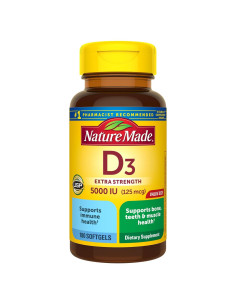 Vitamina D3 Nature Made 5000 IU 180 Gelatinas Blandas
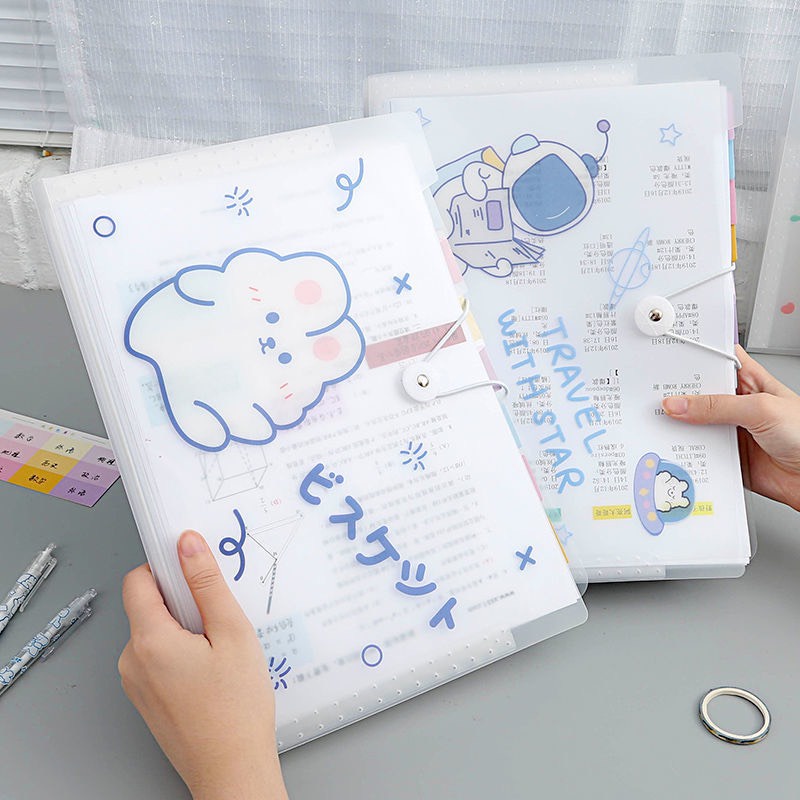 Túi đựng file tài liệu bài kiểm tra khổ A4, Bìa hồ sơ đựng đề cương A4 nút khóa gài 12 ngăn tiện lợi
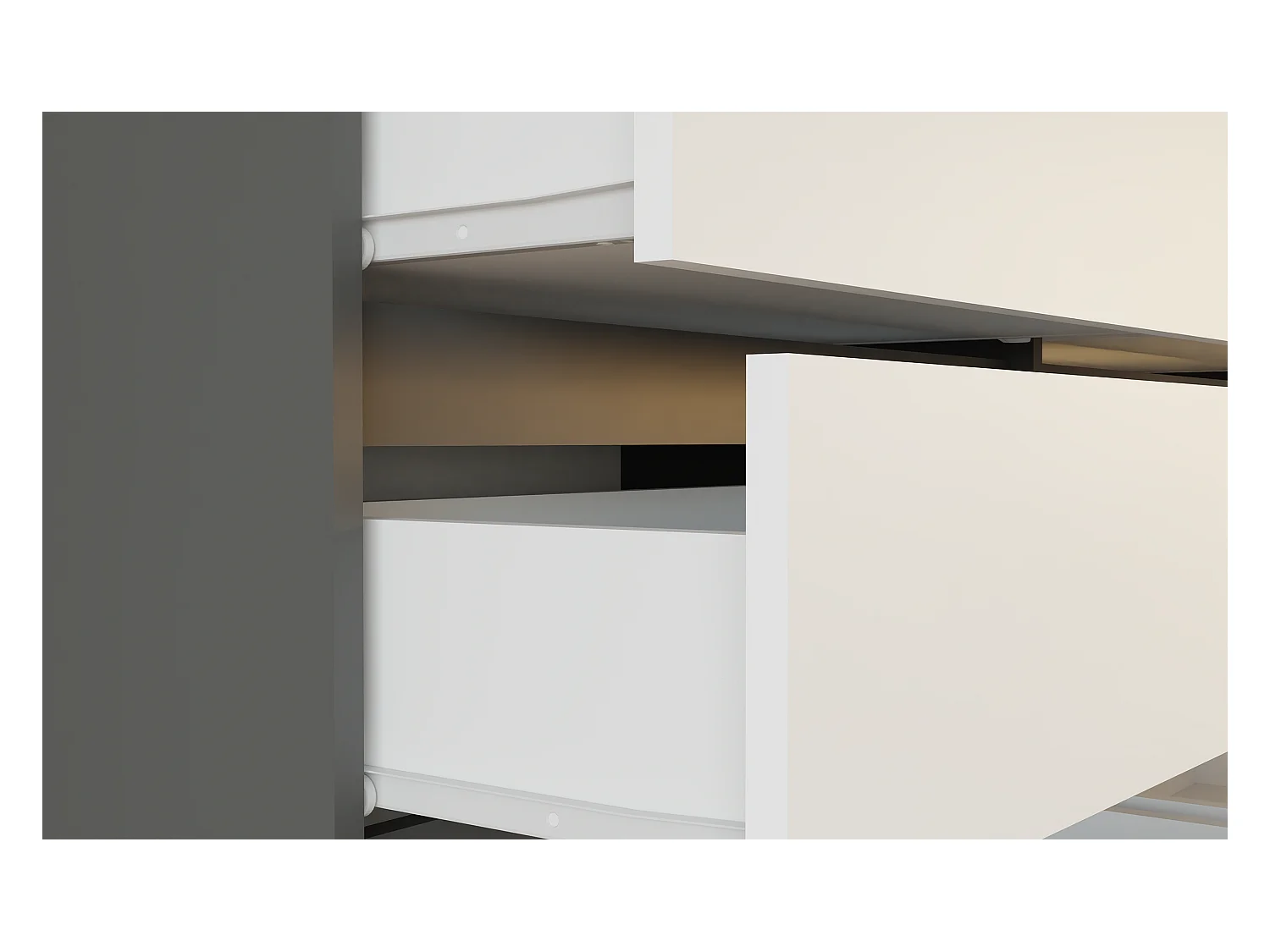 MILAN - Commode de chambre large 6 tiroirs - 30x120x75cm - Meuble de rangement - Anthracite et blanc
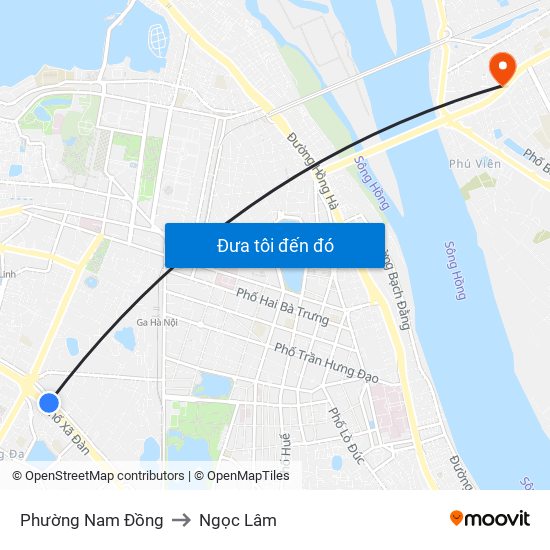 Phường Nam Đồng to Ngọc Lâm map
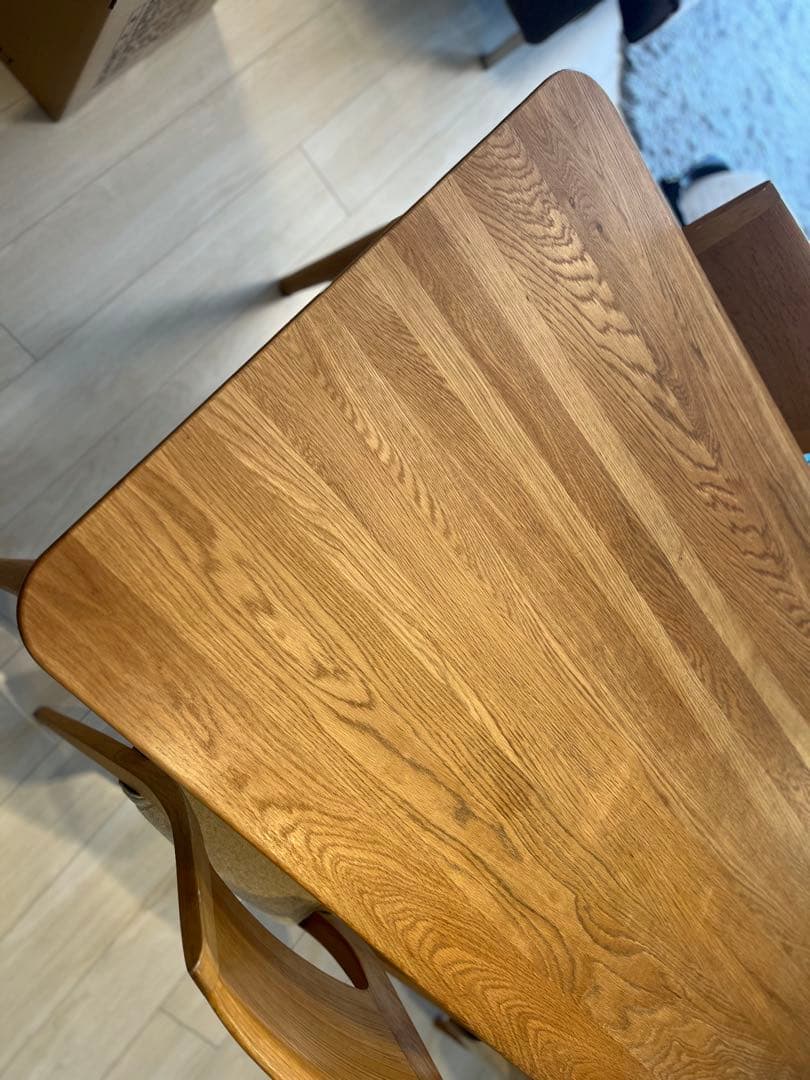 アクタス　ダイニングテーブル（椅子付きに変更）ナチュラルウッド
------
> [What you will do]: From the line that contains "MILAN - Commode" to the last line of the data above, inclusive, transcribe every line exactly and only those lines, omitting pictures.

> [Final answer]:
 MILAN - Commode de chambre large 6 tiroirs - 30x120x75cm - Meuble de rangement - Anthracite et blanc
 Phường Nam Đồng to Ngọc Lâm map
 アクタス　ダイニングテーブル（椅子付きに変更）ナチュラルウッド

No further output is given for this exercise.